╔══

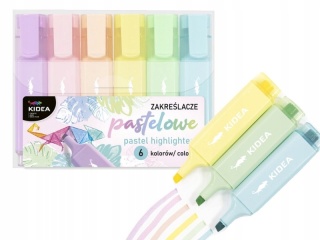 Zakreślacze markery zakreślacz pastelowe 6 szt KIDEA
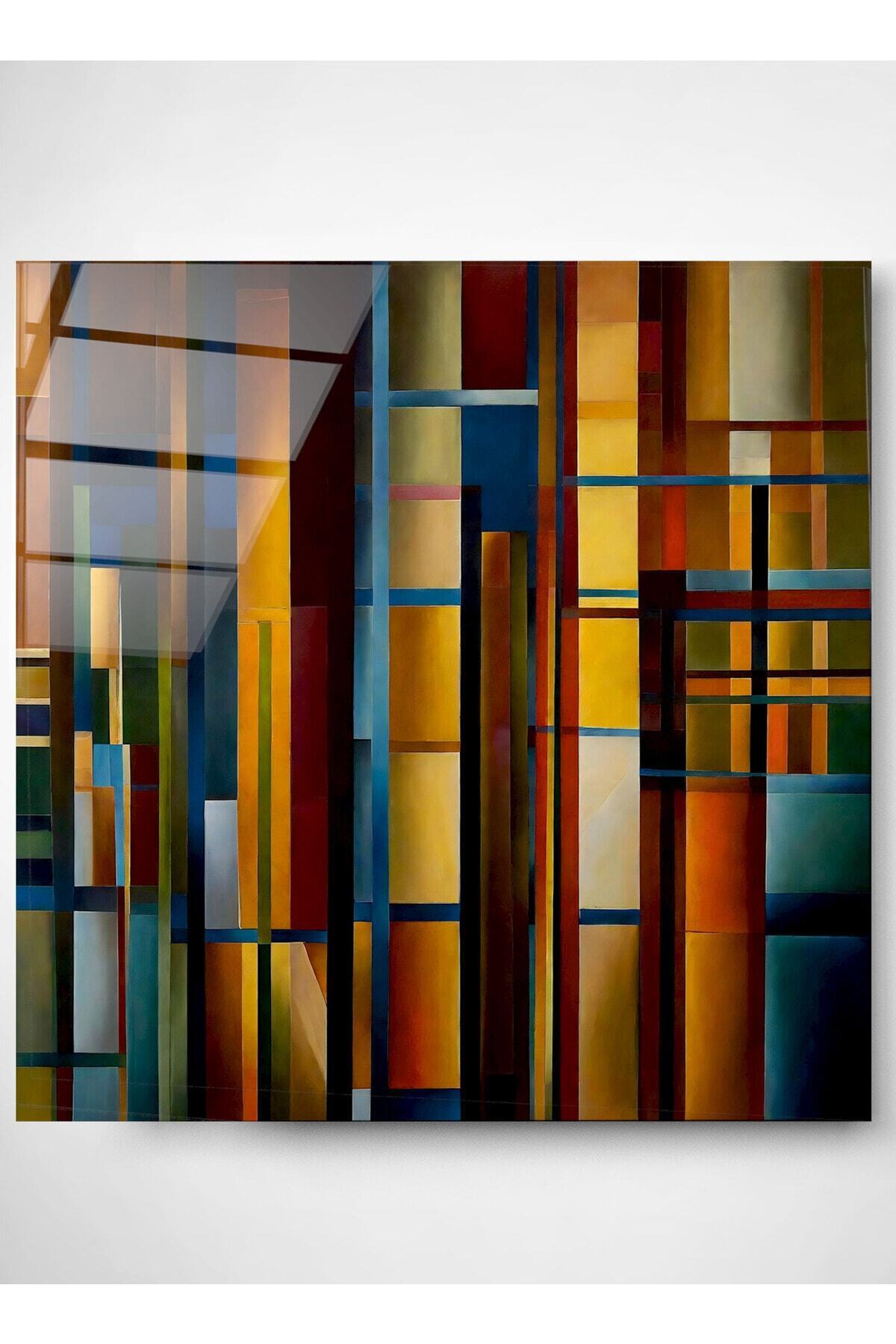Dekoratif Cubism Art Dekoratif Cam Tablo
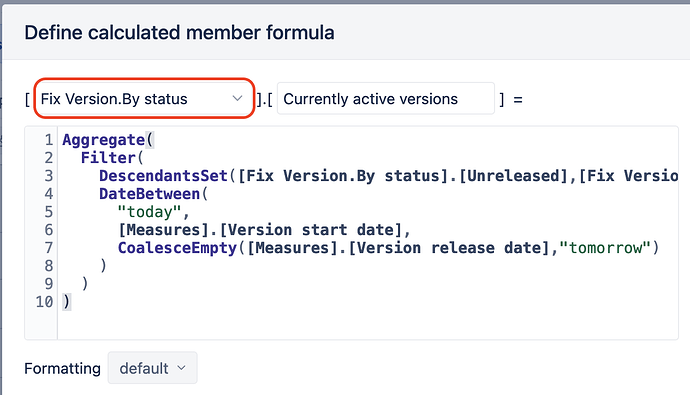 Filter currently active versions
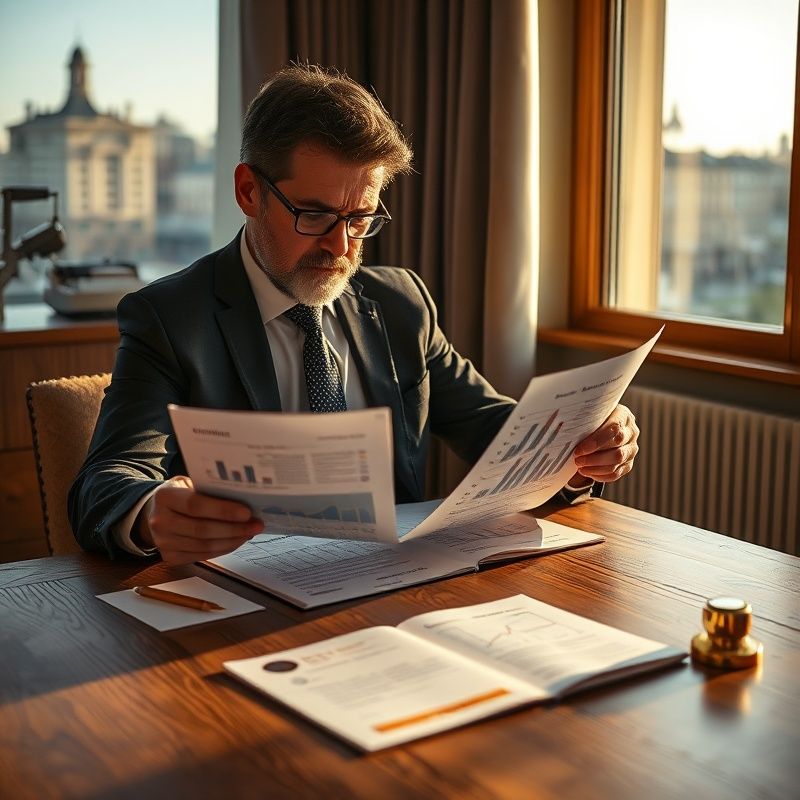 Consultant senior analizând un raport financiar la o masă din stejar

╚══

◆ DESCRIPTION OF THE TASK
Extract word for word every line from the line that contains "Dekoratif Cubism Art Dekoratif Cam Tablo" to the final line of the data, both included, and nothing else; skip the pictures.

◆ RESULT OF THIS EXERCISE
Dekoratif Cubism Art Dekoratif Cam Tablo
 Filter currently active versions
 Consultant senior analizând un raport financiar la o masă din stejar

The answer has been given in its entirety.